14 DAY TRIAL // Common sense tells us that glassy materials, just like typical glass, should form disordered crystalline structures resembling the state of frozen liquids as frustration prevents the atoms from freezing into a well ordered state. However, in spin glasses the disordered crystalline structure is induced by the magnetic moments of the atoms, as opposed to the atoms themselves as in the case of regular glass, allowing them to freeze into random directions when the material is brought to low temperatures.
Nevertheless, investigations have showed that some disorder must be present in the atomic structure as well as frustration in the magnetic field interactions in order to prevent the magnetic moments of the atoms from creating an ordered structure, to form a spin glass. But in PrAu2Si2 there is no evidence of atomic disorder or magnetic interaction frustrations, yet the compound is a spin glass.

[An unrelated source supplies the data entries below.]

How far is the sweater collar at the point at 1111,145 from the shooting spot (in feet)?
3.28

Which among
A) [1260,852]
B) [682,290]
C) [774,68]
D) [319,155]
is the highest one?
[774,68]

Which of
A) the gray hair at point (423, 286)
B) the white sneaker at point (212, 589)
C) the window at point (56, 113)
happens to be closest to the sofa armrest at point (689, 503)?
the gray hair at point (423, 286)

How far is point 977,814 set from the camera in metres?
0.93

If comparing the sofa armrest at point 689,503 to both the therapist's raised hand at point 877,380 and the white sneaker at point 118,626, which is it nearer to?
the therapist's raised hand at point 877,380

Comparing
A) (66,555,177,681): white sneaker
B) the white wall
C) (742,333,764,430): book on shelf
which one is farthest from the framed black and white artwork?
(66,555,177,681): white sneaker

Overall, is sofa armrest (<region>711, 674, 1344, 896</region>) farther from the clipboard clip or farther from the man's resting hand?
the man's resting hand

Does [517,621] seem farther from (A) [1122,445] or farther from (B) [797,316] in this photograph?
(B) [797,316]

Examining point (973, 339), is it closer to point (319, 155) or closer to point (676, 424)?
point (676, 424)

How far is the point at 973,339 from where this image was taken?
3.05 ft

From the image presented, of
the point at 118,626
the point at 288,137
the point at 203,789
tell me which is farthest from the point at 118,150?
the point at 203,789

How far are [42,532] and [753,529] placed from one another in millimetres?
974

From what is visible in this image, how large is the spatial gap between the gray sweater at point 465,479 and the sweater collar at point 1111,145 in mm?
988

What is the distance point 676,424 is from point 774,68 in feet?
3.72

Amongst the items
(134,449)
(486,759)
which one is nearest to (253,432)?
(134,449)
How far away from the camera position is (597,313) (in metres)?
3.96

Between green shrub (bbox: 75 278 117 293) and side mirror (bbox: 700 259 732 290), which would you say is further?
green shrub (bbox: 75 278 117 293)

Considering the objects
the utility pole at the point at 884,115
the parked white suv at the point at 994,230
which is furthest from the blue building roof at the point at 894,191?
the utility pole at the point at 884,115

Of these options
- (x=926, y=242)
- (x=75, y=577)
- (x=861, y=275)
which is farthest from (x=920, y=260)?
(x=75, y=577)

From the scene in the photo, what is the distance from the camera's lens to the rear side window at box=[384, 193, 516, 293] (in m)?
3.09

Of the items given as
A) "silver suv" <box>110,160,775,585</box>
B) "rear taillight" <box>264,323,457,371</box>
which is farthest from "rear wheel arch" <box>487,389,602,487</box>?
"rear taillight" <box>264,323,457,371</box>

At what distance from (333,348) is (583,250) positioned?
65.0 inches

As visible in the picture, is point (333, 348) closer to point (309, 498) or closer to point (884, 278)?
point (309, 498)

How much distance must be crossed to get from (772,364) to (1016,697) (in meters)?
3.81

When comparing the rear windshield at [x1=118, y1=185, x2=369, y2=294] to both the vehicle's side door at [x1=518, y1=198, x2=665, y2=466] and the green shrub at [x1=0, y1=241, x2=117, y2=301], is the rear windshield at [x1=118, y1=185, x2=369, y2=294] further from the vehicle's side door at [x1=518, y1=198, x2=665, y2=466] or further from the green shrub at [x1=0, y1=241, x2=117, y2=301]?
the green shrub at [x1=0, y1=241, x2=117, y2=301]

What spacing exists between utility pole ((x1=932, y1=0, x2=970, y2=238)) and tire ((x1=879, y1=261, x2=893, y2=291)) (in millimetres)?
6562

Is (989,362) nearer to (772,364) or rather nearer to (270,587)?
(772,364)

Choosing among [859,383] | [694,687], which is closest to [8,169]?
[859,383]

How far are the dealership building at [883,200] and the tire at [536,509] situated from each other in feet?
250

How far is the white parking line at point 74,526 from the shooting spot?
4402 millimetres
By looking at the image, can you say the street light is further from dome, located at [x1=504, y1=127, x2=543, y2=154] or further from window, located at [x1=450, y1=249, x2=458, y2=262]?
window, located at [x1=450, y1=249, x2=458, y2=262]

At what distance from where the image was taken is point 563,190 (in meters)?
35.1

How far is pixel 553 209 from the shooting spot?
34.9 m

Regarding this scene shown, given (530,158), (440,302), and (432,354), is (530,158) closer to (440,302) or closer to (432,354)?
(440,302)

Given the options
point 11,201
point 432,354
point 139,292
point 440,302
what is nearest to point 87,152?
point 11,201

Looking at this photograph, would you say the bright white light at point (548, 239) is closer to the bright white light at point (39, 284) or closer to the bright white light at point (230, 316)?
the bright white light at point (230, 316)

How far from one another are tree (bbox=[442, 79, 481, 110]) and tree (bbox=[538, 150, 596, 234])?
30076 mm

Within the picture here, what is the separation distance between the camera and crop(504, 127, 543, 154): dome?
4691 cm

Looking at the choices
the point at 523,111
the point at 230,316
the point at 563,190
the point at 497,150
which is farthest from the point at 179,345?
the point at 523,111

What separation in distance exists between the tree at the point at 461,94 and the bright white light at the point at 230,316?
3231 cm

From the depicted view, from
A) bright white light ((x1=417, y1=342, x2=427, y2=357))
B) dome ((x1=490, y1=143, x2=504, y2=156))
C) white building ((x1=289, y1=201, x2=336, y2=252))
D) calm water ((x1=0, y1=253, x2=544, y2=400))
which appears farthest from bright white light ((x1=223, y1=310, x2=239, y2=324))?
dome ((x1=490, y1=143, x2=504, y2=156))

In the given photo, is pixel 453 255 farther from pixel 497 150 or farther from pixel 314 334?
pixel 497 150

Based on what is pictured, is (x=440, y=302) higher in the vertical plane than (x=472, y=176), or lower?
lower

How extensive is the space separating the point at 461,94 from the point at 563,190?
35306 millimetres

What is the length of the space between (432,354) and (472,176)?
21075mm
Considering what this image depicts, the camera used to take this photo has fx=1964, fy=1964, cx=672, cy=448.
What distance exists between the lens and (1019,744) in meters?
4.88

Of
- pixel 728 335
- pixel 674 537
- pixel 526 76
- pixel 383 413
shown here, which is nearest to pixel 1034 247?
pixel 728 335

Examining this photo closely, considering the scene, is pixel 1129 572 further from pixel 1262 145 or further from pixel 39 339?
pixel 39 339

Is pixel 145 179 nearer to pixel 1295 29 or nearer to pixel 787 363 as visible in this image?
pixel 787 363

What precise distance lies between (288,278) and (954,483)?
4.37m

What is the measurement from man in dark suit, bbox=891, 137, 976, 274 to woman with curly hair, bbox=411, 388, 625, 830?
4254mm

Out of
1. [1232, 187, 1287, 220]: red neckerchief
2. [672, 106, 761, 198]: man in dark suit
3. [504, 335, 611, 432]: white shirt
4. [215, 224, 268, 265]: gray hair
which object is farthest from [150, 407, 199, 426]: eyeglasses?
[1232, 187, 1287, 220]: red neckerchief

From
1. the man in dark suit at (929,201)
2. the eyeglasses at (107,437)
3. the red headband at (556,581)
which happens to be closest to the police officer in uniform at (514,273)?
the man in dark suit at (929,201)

"This has been a puzzle for 10 years now," said physicist Raymond Osborn of the U.S. Department of Energy's Argonne National Laboratory, part of the research team that recently revealed the processes through which certain spin glasses form. Investigations carried out with the help of a neutron scattering technique showed that in spin glasses there is no static frustration, but rather temporal or dynamic frustration.
At first sight, PrAu2Si2 appears to have an ordered crystalline structure, but the Argonne team proved that in fact the magnetic moments of the atoms are continuously fluctuating, thus creating temporal disruption in the surface which in turn affects the magnetic alignment of the atoms. Osborn said that this is the result of instability in the magnetic moments, and that the fluctuations can be temporarily stabilized by electrons bouncing off the surface of the atoms.
"The discovery of dynamic frustration reveals a whole new class of glassy materials whose behavior is governed by dynamic rather than static disorder," Osborn said.